Given information:
- Opening Delimiter -
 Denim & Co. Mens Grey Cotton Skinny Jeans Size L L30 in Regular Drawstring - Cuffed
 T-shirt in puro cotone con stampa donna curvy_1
- Closing Delimiter -
- Opening Delimiter -
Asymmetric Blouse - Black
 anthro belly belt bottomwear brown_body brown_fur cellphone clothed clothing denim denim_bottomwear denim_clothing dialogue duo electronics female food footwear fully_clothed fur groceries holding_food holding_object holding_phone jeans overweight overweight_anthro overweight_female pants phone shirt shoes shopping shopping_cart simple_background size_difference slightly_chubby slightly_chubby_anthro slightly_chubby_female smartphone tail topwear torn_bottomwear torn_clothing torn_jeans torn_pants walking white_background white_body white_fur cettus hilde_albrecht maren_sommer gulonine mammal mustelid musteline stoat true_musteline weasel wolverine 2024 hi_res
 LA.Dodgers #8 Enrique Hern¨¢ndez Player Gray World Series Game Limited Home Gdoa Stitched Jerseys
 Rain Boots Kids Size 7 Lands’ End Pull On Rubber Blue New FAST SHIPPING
- Closing Delimiter -
Problem:
Taking the listing above as the source, transcribe only the lines starting at the line with "anthro belly belt" and going through the line with "Rain Boots Kids", unaltered and with both ends included.

Reply:
 anthro belly belt bottomwear brown_body brown_fur cellphone clothed clothing denim denim_bottomwear denim_clothing dialogue duo electronics female food footwear fully_clothed fur groceries holding_food holding_object holding_phone jeans overweight overweight_anthro overweight_female pants phone shirt shoes shopping shopping_cart simple_background size_difference slightly_chubby slightly_chubby_anthro slightly_chubby_female smartphone tail topwear torn_bottomwear torn_clothing torn_jeans torn_pants walking white_background white_body white_fur cettus hilde_albrecht maren_sommer gulonine mammal mustelid musteline stoat true_musteline weasel wolverine 2024 hi_res
 LA.Dodgers #8 Enrique Hern¨¢ndez Player Gray World Series Game Limited Home Gdoa Stitched Jerseys
 Rain Boots Kids Size 7 Lands’ End Pull On Rubber Blue New FAST SHIPPING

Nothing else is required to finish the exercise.